I didn’t understand why I was born as a Hmong female and why I had to follow certain traditions.

I thought I was living in a country that’s known for its independence, freedom, and (growing) equality, but then I came to realize that, yes I do live in that country, but that is not my culture, my history.

I got into constant fights and arguments with my family and myself.

I was confused about who I was and what the “right” person was, who I wanted to be and who I should be.

Was I not a good daughter if I didn’t portray Hmong traditions because some of them were the exact opposite of what I believed in, what I was passionate about?

Is being an American, living in westernized culture, and being a bit “white-washed” bad?

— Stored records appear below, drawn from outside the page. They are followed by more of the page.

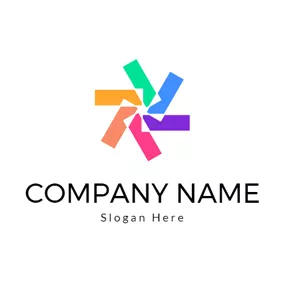 Rectangle Logo Colorful Geometric Figure logo design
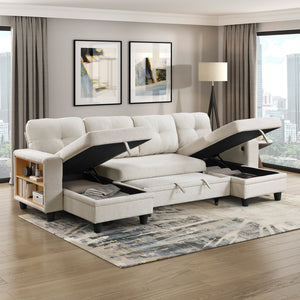 Hazel Boucle Fabric Sectional with Two Chaises, Pull-out Bed, Shelves and Charging Ports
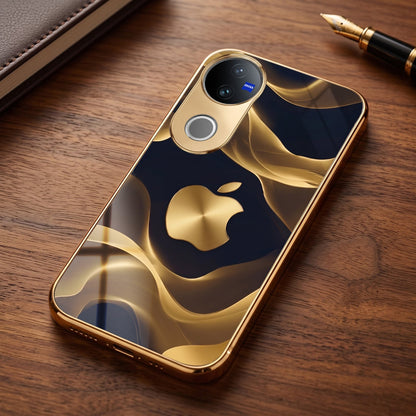 Vivo V50 5G Luxury Wave Gold Electroplated Glass Phone Back Case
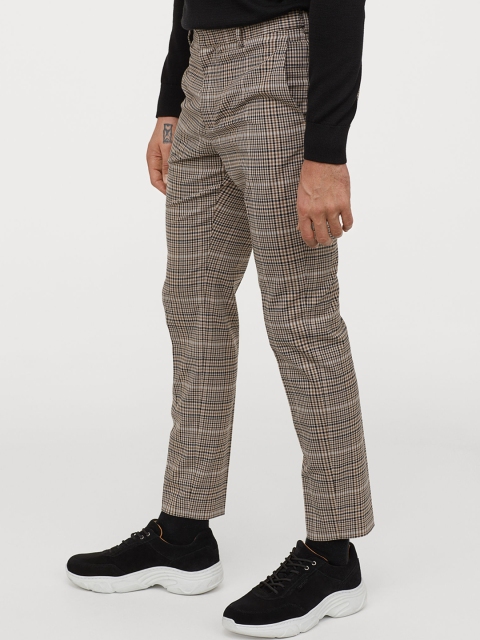 H&M Men Beige &Black Checked Suit Trousers Skinny Fit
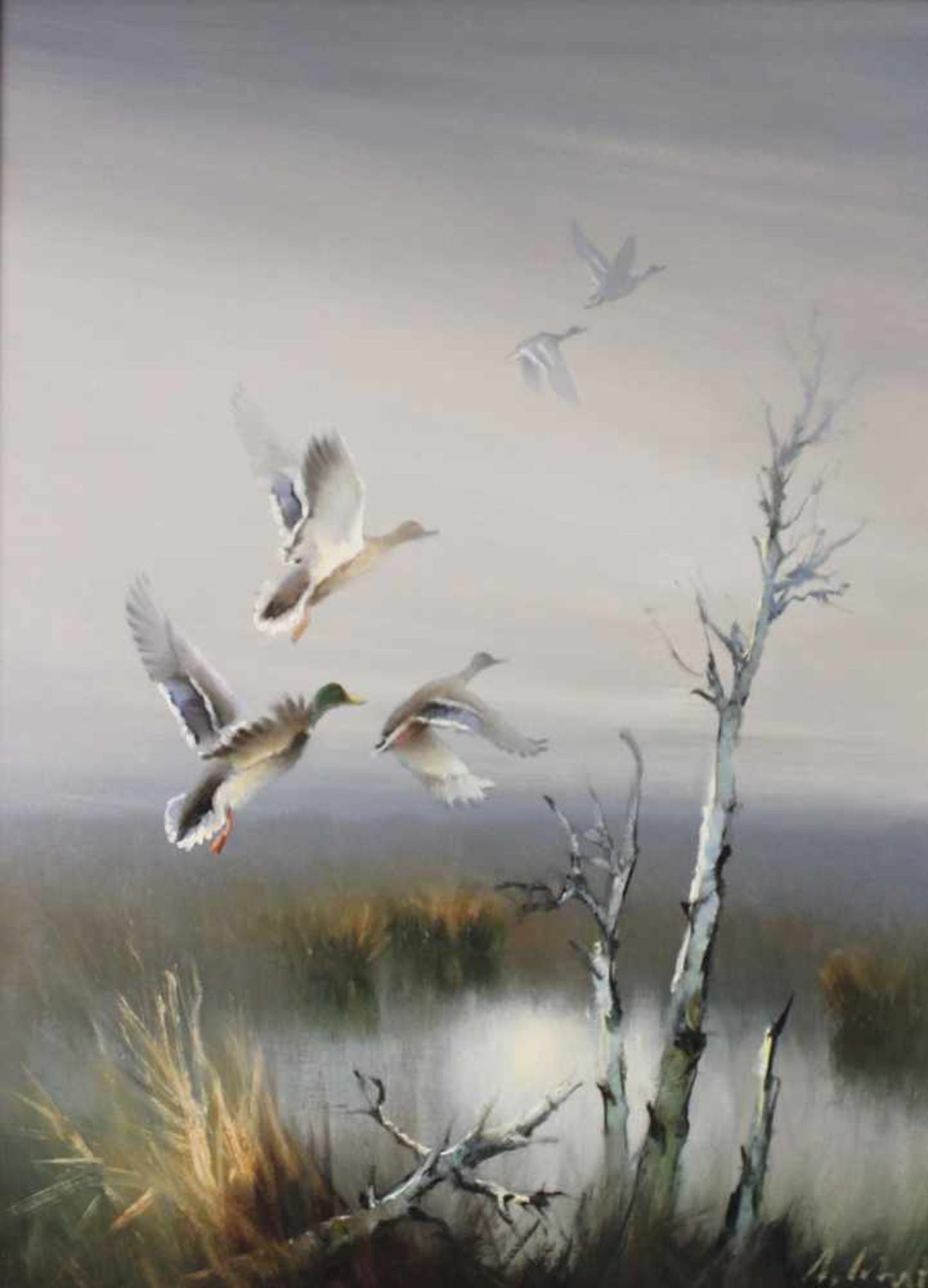 Arnold SCHATZ (1929 - c.1999). "Aufsteigende Enten"80 cm x 70 cm. Gemälde. Öl auf Leinwand. Rechts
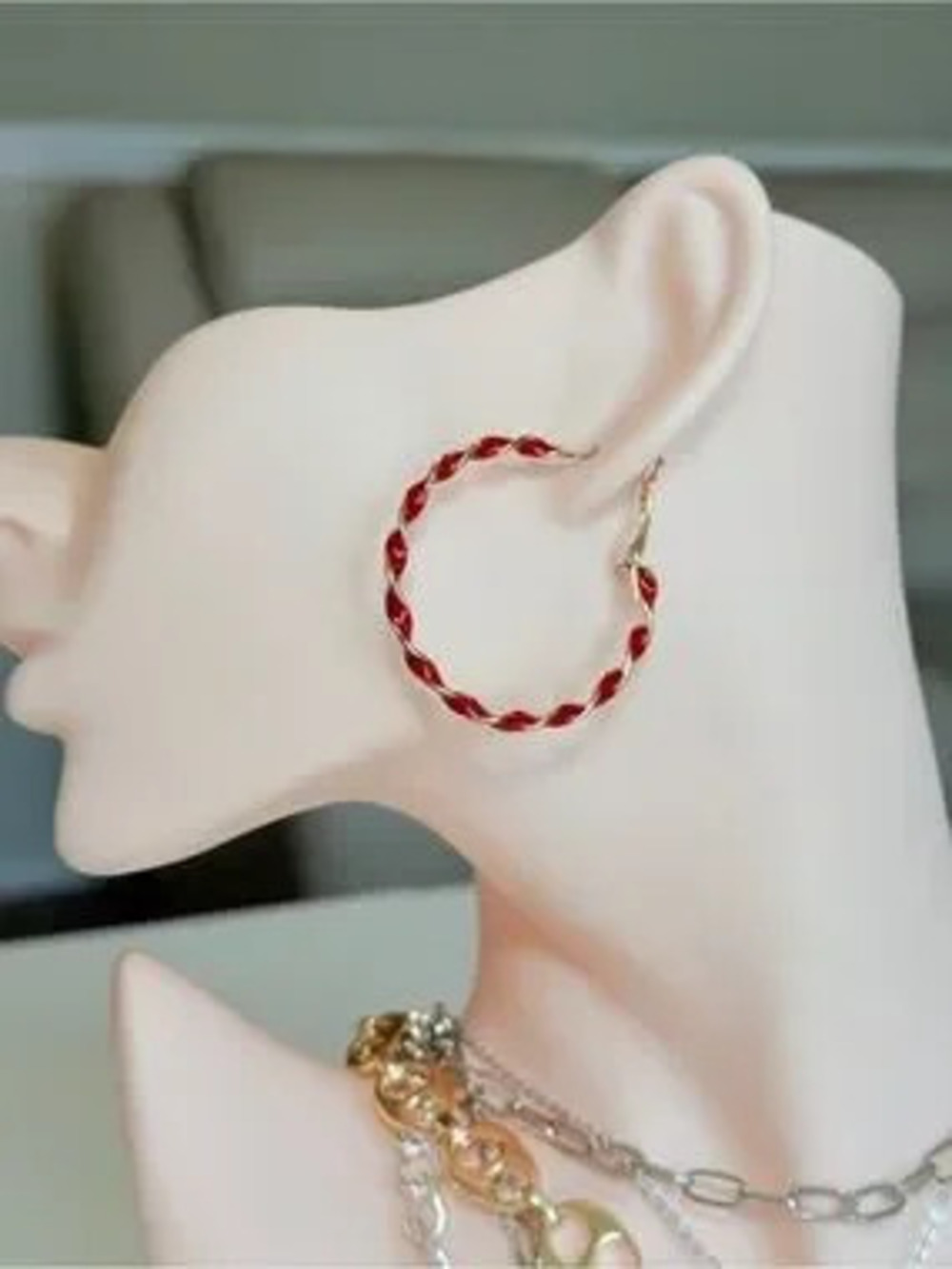 Gold-Tone Red Twisted Hoop Earrings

Was I not a good daughter if I didn’t portray Hmong traditions because some of them were the exact opposite of what I believed in, what I was passionate about?

These are four reasons to why being Hmong (a Hmong female) annoyed me, irritated me, confused me, and honestly, hurt me.

1. I hated how no one knew what Hmong was.

What I hated more than that though was how ignorant people were when you told them what Hmong was.

I know not everyone is like that, but still, it bothered me.

People: “Hey what ethnicity or race are you?”

Me: “I’m Hmong.”

People: “What’s that?”

Me: I tell them what Hmong is.

People: “Ohhh so you’re Chinese? Japanese? Korean?”

Me: “No, I’m Hmong.”

People: “Um, okay.”

2. Gender roles are definitely one thing that bothers me about Hmong culture: the patriarchal Hmong tradition.

The men were always favored and was ruled “superior”, while the women were last priority, oppressed, and were sometimes portrayed as objects.

I didn’t like how I had to cook, clean, and cater to the men while they sat around doing nothing.

I didn’t like how I wasn’t allowed to do certain things or hang out with friends or even family members.

It felt like I was bound to all male beings and would serve them for the rest of my life.

Who I am and what I wanted, though, was equality for all genders because we too are human beings.

3. Although this could be for any culture, all Hmong people know this is true within the Hmong community.

Gossip travels like there’s no tomorrow within the community.

You tell someone one thing and the next thing you know, everyone knows.

What’s worse than gossiping gossip, though, is that the important issues such as domestic violence, child abuse, and sexuality are either taboo or swept away.

I don’t like people knowing my issues in life unless I decide to tell them myself.

I don’t understand why you need to talk about other people’s issues and share it, especially when it doesn’t concern you.

4. People thought that because you were a Hmong teen, you were married already or should be getting married.

I understand that in Hmong culture, you get married in your teens, but that doesn’t mean that I have to get married in my teens.

I didn’t like how I wasn’t allowed to do certain things or hang out with friends or even family members.

I didn’t like how the elders pressured you to get married, asked if you were married yet, and even tried getting you to meet their son(s).

I’m sorry, but I don’t want to meet your son and force myself to like him when I don’t.

I don’t want to get married as a teen and that is my choice.

If you want to get married in your teens, go for it because it’s your life, your love life, not mine.

Although I don’t necessarily like these things, I now understand that I have to accept them, but not conform to them.

I want to be able to create my own cultural identity while keeping my roots and staying at peace with the country I am a part of today.

I came to the realization that I need to rediscover and find myself as an American Hmong woman.

There will always be people who ask me what Hmong is.

I want to be able to embrace the Hmong culture and its history and share it with others even if they don’t understand or acknowledge it.

I am grateful that I was able to learn how to cook, clean, and cater to others, but that doesn’t mean I should allow myself to be taken advantage of.

I will still fight for gender equality. Gossip is gossip. Even though it spreads fast within the Hmong community, I’ve learned that people will always talk. I just need to know who I am and be confident in myself. Finding balance within all cultures and myself is not an easy path to take, but they say the hardest decisions and the hardest paths in life are the most important ones.

I am a Female Hmong American and I accept who I am.